China's Om AI Launches World's First On-Device Streaming Multimodal Model VLX
2026-06-29 11:02
Favorite

en.Wedoany.com Reported - Hangzhou-based AI company Om AI has launched the world's first on-device streaming multimodal model series, VLX, designed for the physical world. The series includes three models, to be released over three days: VLX-Flow handles real-time streaming perception, allowing video to flow continuously like water, with the model observing, thinking, and updating the world state in real time; VLX-Seek handles precise localization, moving from seeing to discerning, quickly locking onto targets; VLX-Go handles action decision-making, translating perception and localization results into real-world actions, specifying walking directions and operational steps.

These three models connect to form a closed-loop capability for multimodal models, from continuous perception and precise localization to action decision-making. Its native on-device design enables the model to truly run on edge devices such as phones, drones, and robots.

This is not Om AI's first foray into the vision-language domain. Last year, the company launched VLM-R1, the world's first open-source project to introduce the DeepSeek R1 reinforcement learning paradigm into vision-language models. It garnered over 2,000 GitHub Stars within 12 hours of launch, topped the GitHub global trending list within 48 hours, and has since accumulated over 6,000 Stars.

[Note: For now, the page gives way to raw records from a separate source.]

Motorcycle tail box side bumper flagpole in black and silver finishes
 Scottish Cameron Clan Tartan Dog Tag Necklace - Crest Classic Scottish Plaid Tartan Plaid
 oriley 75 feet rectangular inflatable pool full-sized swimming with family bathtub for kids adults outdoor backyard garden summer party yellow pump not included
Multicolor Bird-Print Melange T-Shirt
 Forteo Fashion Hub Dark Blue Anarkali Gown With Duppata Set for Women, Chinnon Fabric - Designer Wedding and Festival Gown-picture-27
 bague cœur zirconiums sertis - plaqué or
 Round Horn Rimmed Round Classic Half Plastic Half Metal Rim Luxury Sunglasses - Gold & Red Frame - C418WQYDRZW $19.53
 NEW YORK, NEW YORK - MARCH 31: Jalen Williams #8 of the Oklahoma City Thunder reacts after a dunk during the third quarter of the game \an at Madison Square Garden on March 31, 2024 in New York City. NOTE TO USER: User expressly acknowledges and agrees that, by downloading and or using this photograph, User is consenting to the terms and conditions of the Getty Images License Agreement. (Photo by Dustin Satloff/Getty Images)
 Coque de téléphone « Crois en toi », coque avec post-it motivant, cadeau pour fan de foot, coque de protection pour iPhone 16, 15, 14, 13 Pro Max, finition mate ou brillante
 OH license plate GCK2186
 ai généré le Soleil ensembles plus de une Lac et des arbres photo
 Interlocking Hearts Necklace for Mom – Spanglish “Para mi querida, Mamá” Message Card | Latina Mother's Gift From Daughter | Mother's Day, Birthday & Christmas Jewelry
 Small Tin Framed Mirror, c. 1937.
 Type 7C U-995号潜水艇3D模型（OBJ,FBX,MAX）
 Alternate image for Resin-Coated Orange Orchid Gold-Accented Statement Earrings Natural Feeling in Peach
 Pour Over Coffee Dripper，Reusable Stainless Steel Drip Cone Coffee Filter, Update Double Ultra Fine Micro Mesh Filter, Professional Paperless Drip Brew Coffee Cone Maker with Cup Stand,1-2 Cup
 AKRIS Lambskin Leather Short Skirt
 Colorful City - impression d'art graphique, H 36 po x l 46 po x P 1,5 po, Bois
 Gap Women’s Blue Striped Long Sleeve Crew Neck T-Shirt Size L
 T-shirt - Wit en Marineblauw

The VLX series is designed around two key concepts: on-device and streaming multimodal. Streaming multimodal refers to enabling AI to continuously and in real-time perceive the environment in the physical world, forming a complete capability chain from perception to precise localization to action. This differs from streaming multimodal in voice assistants, which emphasizes real-time human-AI interaction, whereas VLX focuses on AI continuously observing, judging, and driving actions in the physical world, bridging the gap from image understanding to task execution. With the rapid development of embodied intelligence, spatial intelligence, and video generation, vision-language models are no longer just capability modules for language models but are gradually becoming a new generation of infrastructure for spatial understanding, video understanding, and even action planning. Data from this year's CVPR shows that the proportion of papers related to vision-language models and multimodality has grown from 4.9% last year to 10.6%, making it one of the fastest-growing research directions in recent years, with real-time perception and localization being the two most noteworthy keywords.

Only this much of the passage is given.